In practice, the two primary goals of data mining tend to be prediction and description. Prediction involves using some variables or fields in the data set to predict unknown or future values of other variables of interest. Description, on the other hand, focuses on finding patterns describing the data that can be interpreted by humans. Therefore, it is possible to put data-mining activities into one of two categories: 1. Predictive data mining, which produces the model of the system described by the given data set, or 2. Descriptive data mining, with produces new, nontrivial information based on the available data set. 1.3.1 Data Mining Software: Weka

Weka is an open-source Java application produced by the University of Waikato in New Zealand. This software bundle features an interface through which many of the aforementioned algorithms (including decision trees) can be utilized on preformatted data sets. Using this interface, several test-domains were experimented with to gain insight on the effectiveness of different methods of pruning an algorithmically induced decision tree. The implementations are part of a system called Weka, developed at the University of Waikato in New Zealand. Weka stands for the Waikato Environment for Knowledge Analysis. (Also, the weka, pronounced to rhyme with Mecca, is a flightless bird with an inquisitive nature found only on the islands of New Zealand.) The system is written in Java, an objectoriented programming language that is widely available for all major computer platforms, and Weka has been tested under Linux, Windows, and Macintosh operating systems. Java allows us to provide a uniform interface to many different learning algorithms, along with methods for pre- and post processing and for evaluating the result of learning schemes on any given dataset.

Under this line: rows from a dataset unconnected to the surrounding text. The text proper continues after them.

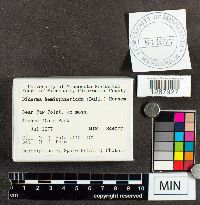 Diderma hemisphaericum image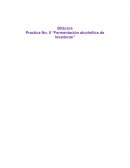 Practica No. 5 “Fermentación alcohólica de levaduras”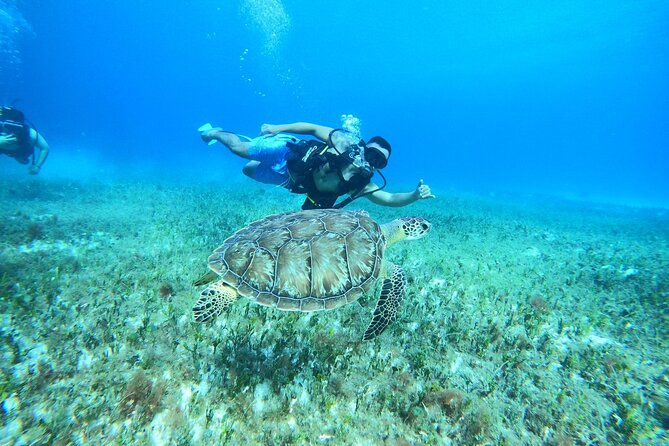 Cozumel Scuba Dive at Chankanaab - Stop by Stop: Chankanaab Park and Reef Area Highlights
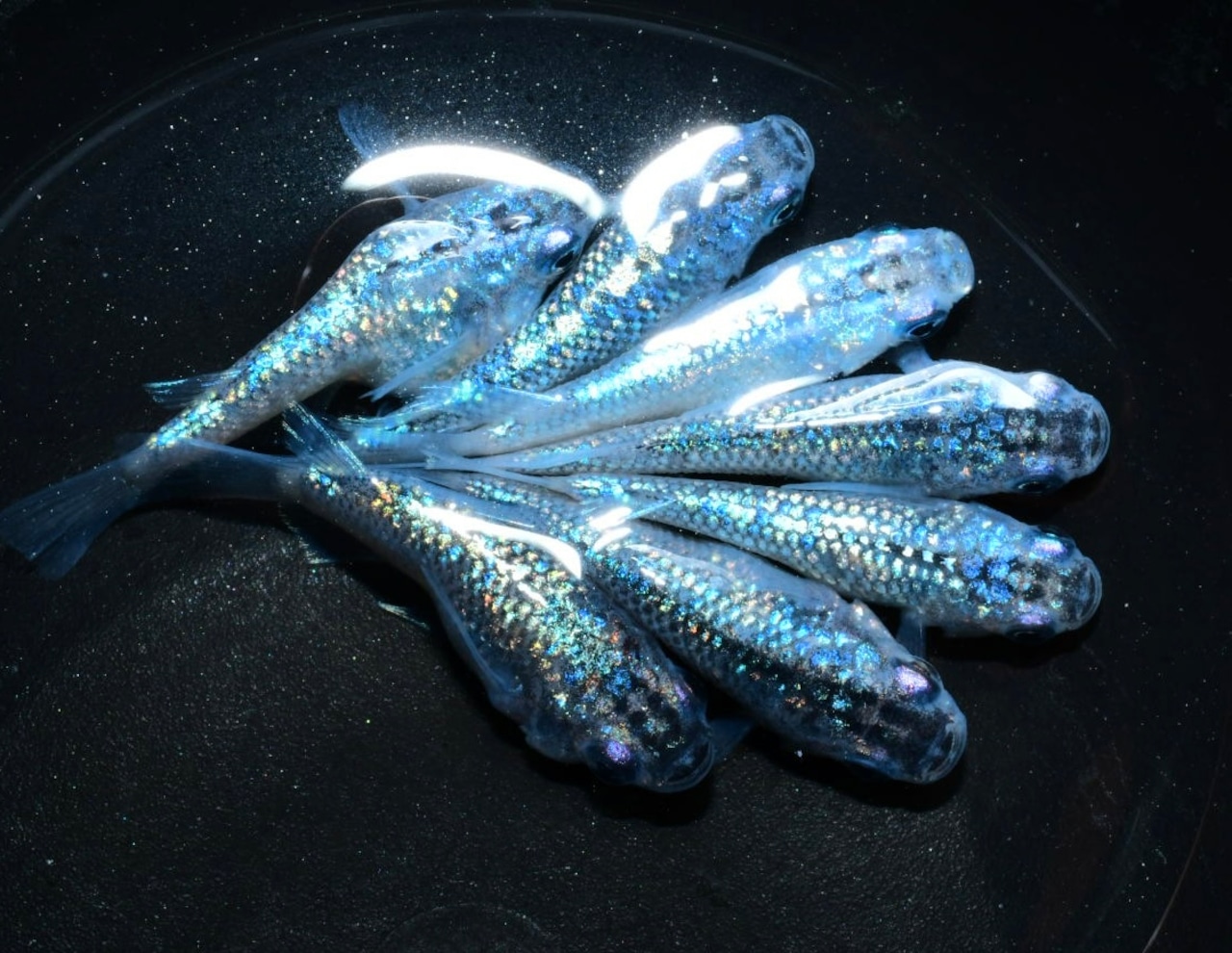 【現物】ロイヤルブルーショート　3ペア+1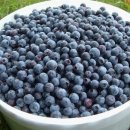 웰빙요가 이미지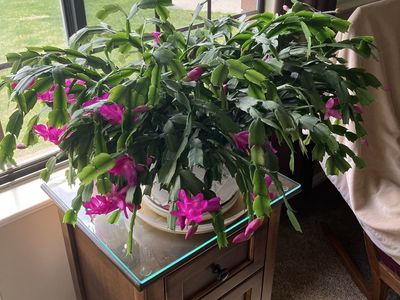 Huge Christmas Cactus In Very Nice Pot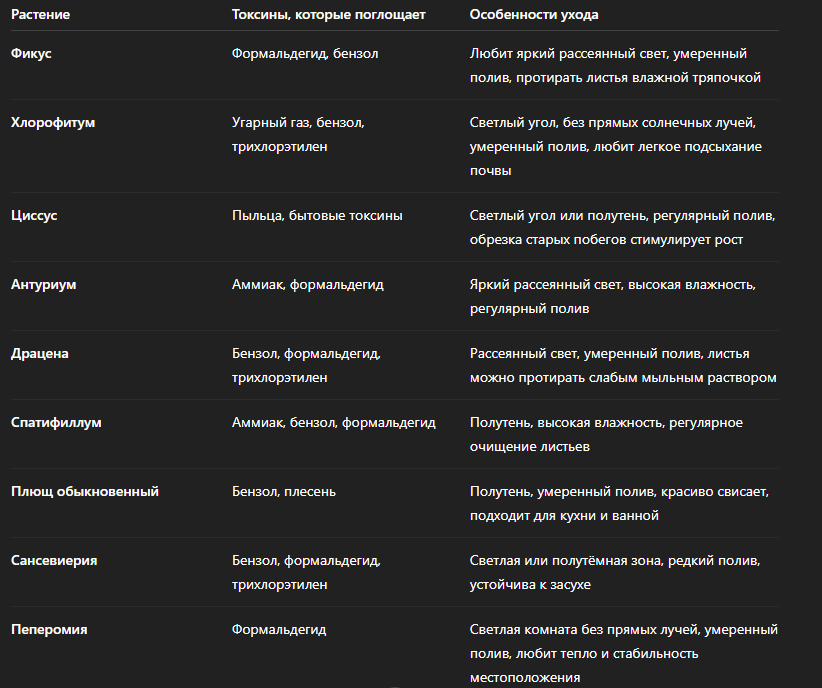 💡 Совет: для максимального эффекта фильтрации воздуха лучше сочетать 2–3 растения с разными способностями – например, фикус + спатифиллум + сансевиерия.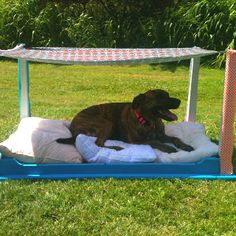 a dog laying on top of a bed in the grass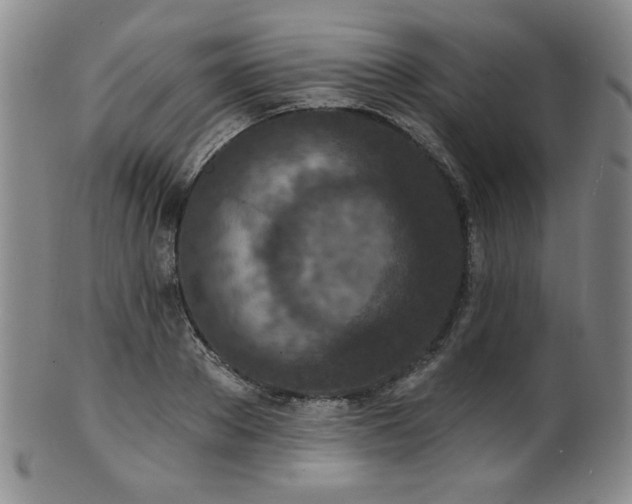 X0000101700889200807101534
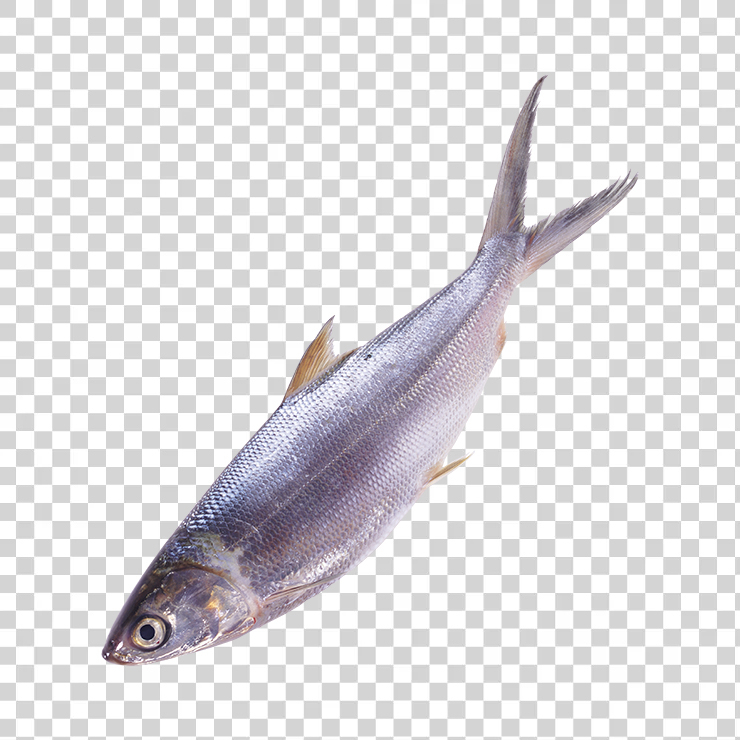 Fish 01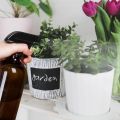 2 Pack Amber Glass Spray Bottles Refillable Empty Bottle for Essential Oils Plants Cleaning Hair Cosmetic Pump Liquid Dispenser. 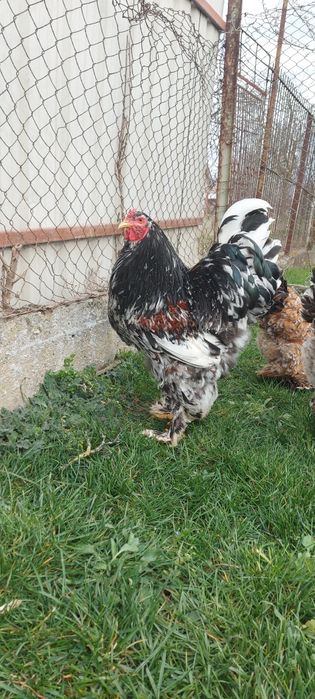 Pui Brahma Porțelan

There are several different levels at which Weka can be used. First of all, it provides implementations of state-of-the-art learning algorithms that you can apply to your dataset from the command line. It also includes a variety of tools for transforming datasets, like the algorithms for discretization discussion. The data sets were pre processed, fed into a learning scheme, and the resulting classifier was analyzed and its performanceall without writing any program code at all. As an example to get started, we have explained how to transform a spreadsheet into a dataset with the right format for this process, and how to build a decision tree from it.



In this chapter few selected research paper related to Application of Data Mining technique in various fields of manufacturing particularly using J48 Algorithm have been discussed. Z. Song and A. Kusiak [1] optimised product configurations with a data-mining approach. The development of the sub-assemblies and configurations allows for effective management of enterprise resources, contributes to the innovative design of new products, and streamlines manufacturing and supply chain processes.

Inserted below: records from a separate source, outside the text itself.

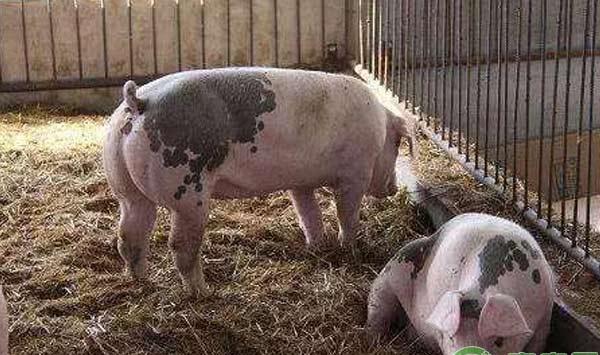 养猪户选购优质猪苗的技巧，选购猪苗需注意的事项！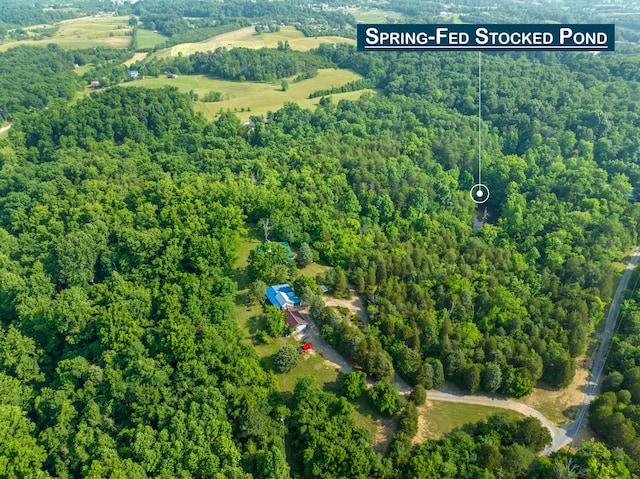 261 Buzzard Roost Rd, Bulls Gap, TN 37711 - view of property location with a heavily wooded area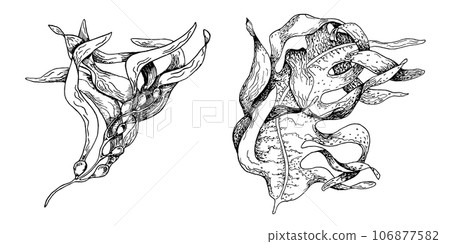 Vector sea plant ink hand drawn illustration isolated on white background. Laminaria, brown kelp, ascophyllum seaweed black white line. Design element for package, label, trade, wrapping Vector sea plant ink hand drawn illustration isolated on white background. Laminaria, brown kelp, ascophyllum seaweed black white line. Design element for package, label, trade, wrapping 106877582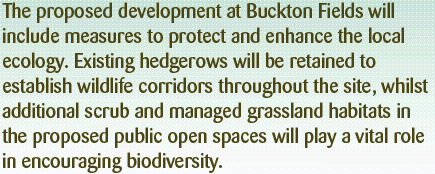 The proposed development at Buckton Fields will include measures to protect and enhance the local ecology. Existing hedgerows will be retained to establish wildlife corridors throughout the site, whilst additional scrub and managed grassland habitats in the proposed public open spaces will play a vital role in encoruanging biodiversity.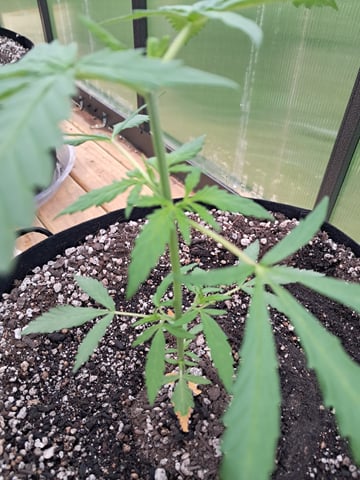 re-start new germination — vegetative, day 42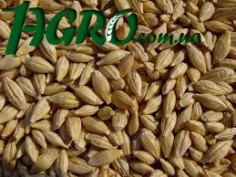 1agro.com.ua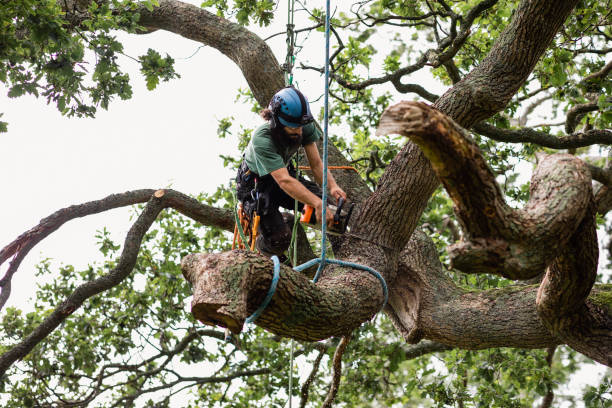 Professional Tree Removal Services in Feasterville, PA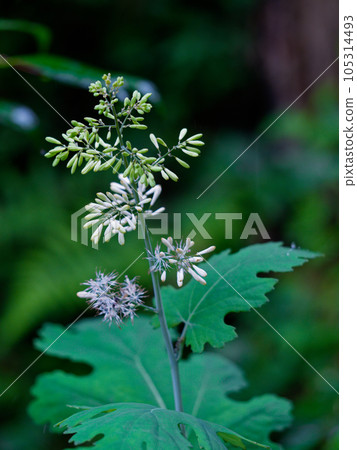 罌粟科竹燈心花 105314493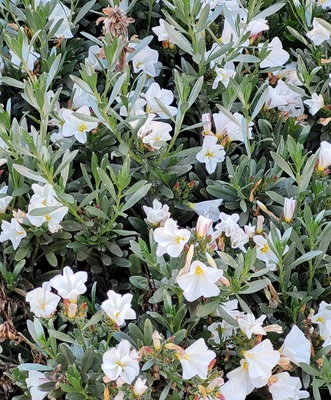 Silver Bush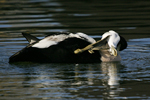 Common Eider    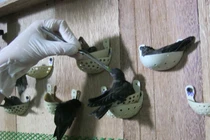 Về thủ phủ nuôi chim yến kiếm bạc tỷ tại Kiên Giang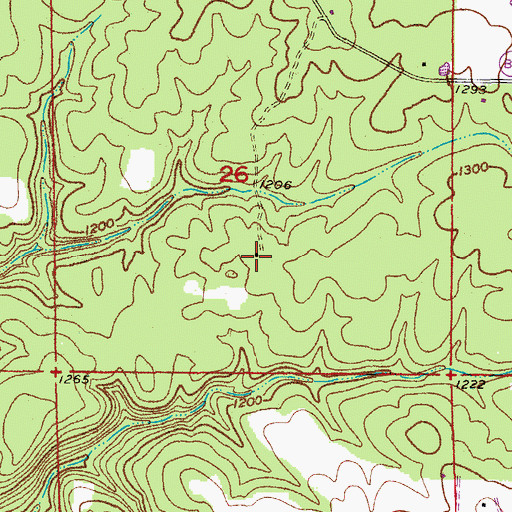 Topographic Map of Whitlock School, MO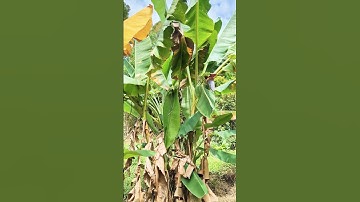 Review cây chuối rừng 😍 lần đầu tiên thấy cây chuối rừng rất đẹp nhưng chưa chín😜 #foryou #funny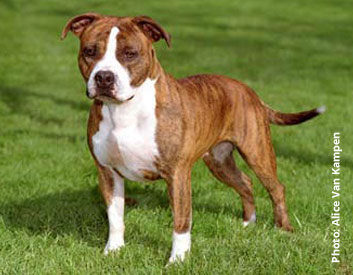 American Staffordshire Terrier Breed Description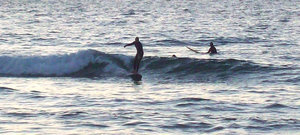 Surfers in Noja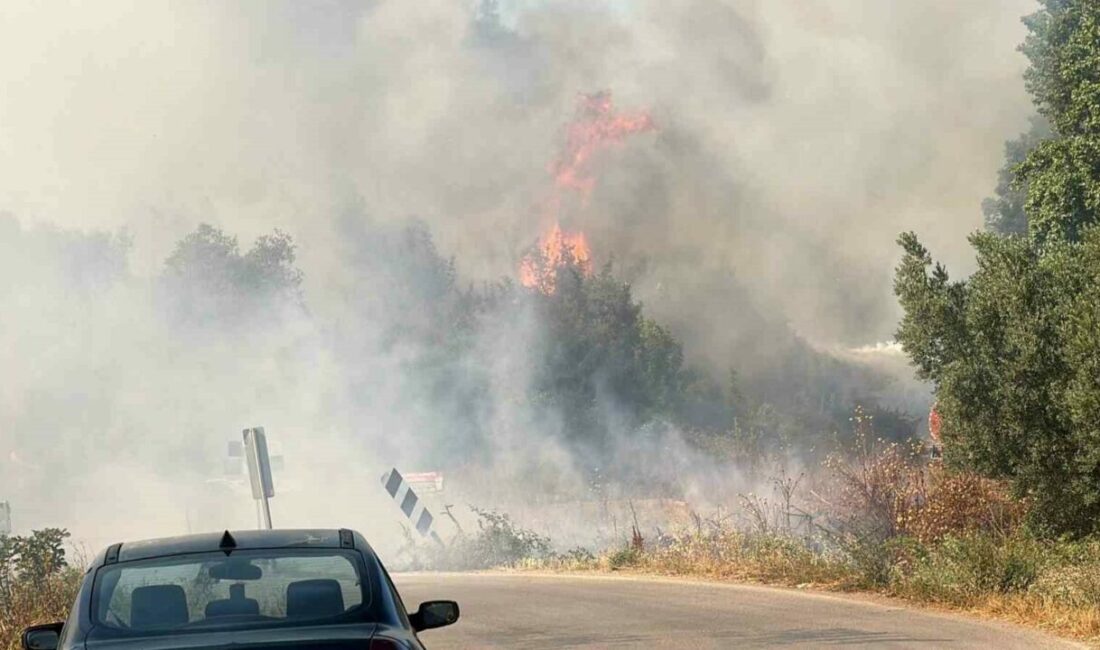 İznik’te korkutan yangın Bursa’nın İznik ilçesine bağlı Elbeyli Mahallesi’nde bulunan çöp depolama tesisinde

J. Jenkol, P. Kralj, N. Lavrac and A. Sluga [2] describes a data mining and visualization experiment performed on a real-world problem and results achieved in the experiment. A subgroup discovery algorithm was used in order to find useful patterns in production data. Workshop and manufacturing work system utilization visualization plots were created in order to gain some useful information. Chun-Che Huang, Yu-Neng Fan, Tzu-Liang Tseng, Chia-Hsun Lee, and Horng-Fu Chuang [3] improves the effectiveness during a QA process, using a hybrid approach incorporated with data mining techniques such as rough set theory (RST), fuzzy logic (FL) and genetic algorithm (GA) is proposed in this paper . Based on an empirical case study, the proposed solution approach provides great promise in QA. Hovhannes Sadoyan, Armen Zakarian, Pravansu Mohanty [4] presented a new data mining algorithm based on the RS theory for manufacturing process control. The algorithm extracts useful knowledge from large datasets obtained from the manufacturing process and represents this knowledge using if/then decision rules. An application of the data mining algorithm was presented with the industrial example of rapid tool making (RTM).

A. Kusiak [5] provided a framework for organizing and applying knowledge for decision-making in manufacturing and service applications. The framework uses decision-making constructs such decision tables, decision maps, and atlases. It offers a new data-driven paradigm of importance to modern manufacturing and service organisations. The fact that the proposed data mining approach involves two phases: learning and decision-making, makes data mining suitable for system-on-achip applications.

Yan Cao, XuXu, Fengru Sun [6] studied the optimization of production scheduling in FMS by Data Mining technique. The waiting time is considered to find the final results. By the experiments, the best production scheduling is yielded. Because this approach is tested in multi-agent distributed environment, the waiting time is not very exactly for the sake of network flow.

F. Chien, C. Cheng, S. Lin [7] obtained from the decision tree result, the left leaf in the first split and left leaf in the second split can be identified as low yield groups. The right leaf in the second split can be regarded as a normal yield group. In the first split, the combined attribute of Ta60 Ta47 and combined level of AT02-BT25 imply that 19 wafer lots of the left leaf node passed through the machine AT02 in station Ta60 and the machine BT25 in station Ta47. The machine AT02 in station Ta60 and the machine BT25 in station Ta47 may be causing the low yield. On the left leaf in the second split, the machines T702 and T707 in station Ta17 are also responsible for other low yield. The decision tree model shows that these two production paths cause low yield.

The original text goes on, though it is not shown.